With particular attention to groundwater, one of the main bottlenecks of this technology is the scarce ionic and electronic conductivity of groundwater that lower the efficiency of electrochemical methods as well as the microbial activity combined with electrochemical methods.Â
The review consists of many topics that included microbial bioelectrochemical operations description, interaction bacterial-electrode and their interfaces, discussion on electron transfer mechanisms (direct, indirect and mediated), discussion on the differences between ionic and electronic conductivity. Moreover, the electronic conductivity and its increase in groundwater is discussed with the intriguing enhancement by injecting conductive materials into groundwater to enhance conductivity. Conductive nanoparticles, oxides, carbon based materials are introduced and discussed and different injective methods are also discussed.Â
At last, a deep discussion is devoted to the existing methods to measure soil and groundwater conductivity that are able to determine and size the so-called “diffuse electro-conductive zone (DECZ). These methods includes electrical resistance methods, electrochemical impedence spectroscopy, electric resistivity tomography, induced polarization methods and other geophysical methods.

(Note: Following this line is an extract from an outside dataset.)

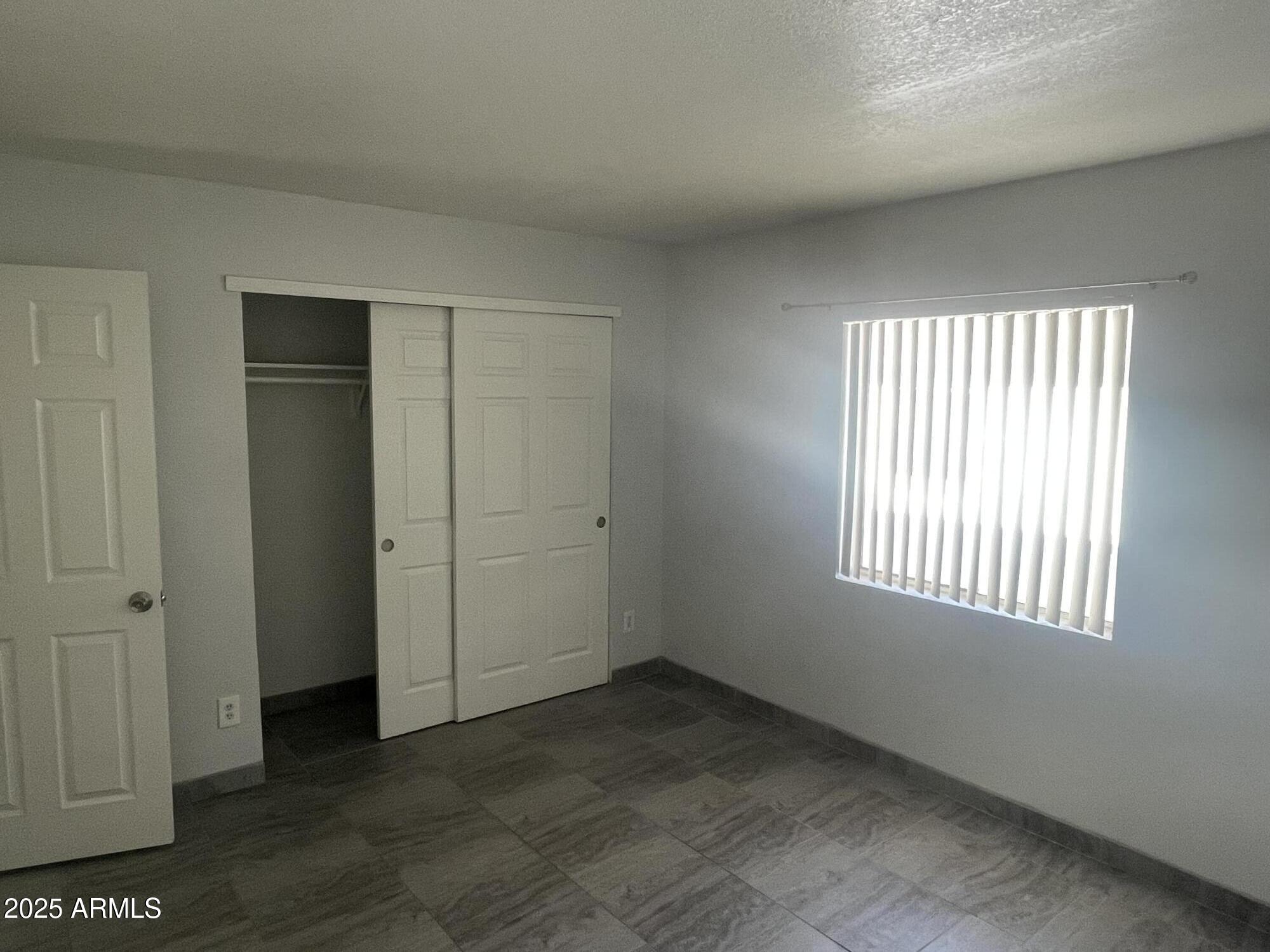1222 East Mountain View Road, Unit 208 Phoenix, AZ 85020 - Photo 10 of 24 an empty room with windows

This comprehensive review article work has been successfully carried out through a collaboration between a team of researchers of the University of Milano-Bicocca (prof. R. Ruffo and prof. C. Santoro) together with Water Research Institute (IRSA), National Research Council (CNR), Rome, Italy (CNR-IRSA; F. Aulenta, M. Tucci, C. Cruz Viggi), Institute for Environmental Geology and Geoengineering (IGAG), National Research Council (CNR), Cagliari, Italy (CNR-IGAG; S. Milia) Department of Civil, Environmental Engineering and Architecture, University of Cagliari, Cagliari, Italy (S. Hosseini, G. Farru), Department of Environment, Land and Infrastructure Engineering & Clean Water Center, CWC, Politecnico di Torino, Torino, Italy (R. Sethi, C. Bianco, T. Tosco, M.Ioannidis), Department of Civil, Chemical, Environmental and Materials Engineering, Alma Mater Studiorum University of Bologna, Bologna, Italy (G. Zanaroli), Department of Biology, Aarhus University, Aarhus, Denmark (U. Marzocchi) and Department of Geosciences, University of Padua, Padua, Italy (G. Cassiani, L. Peruzzo)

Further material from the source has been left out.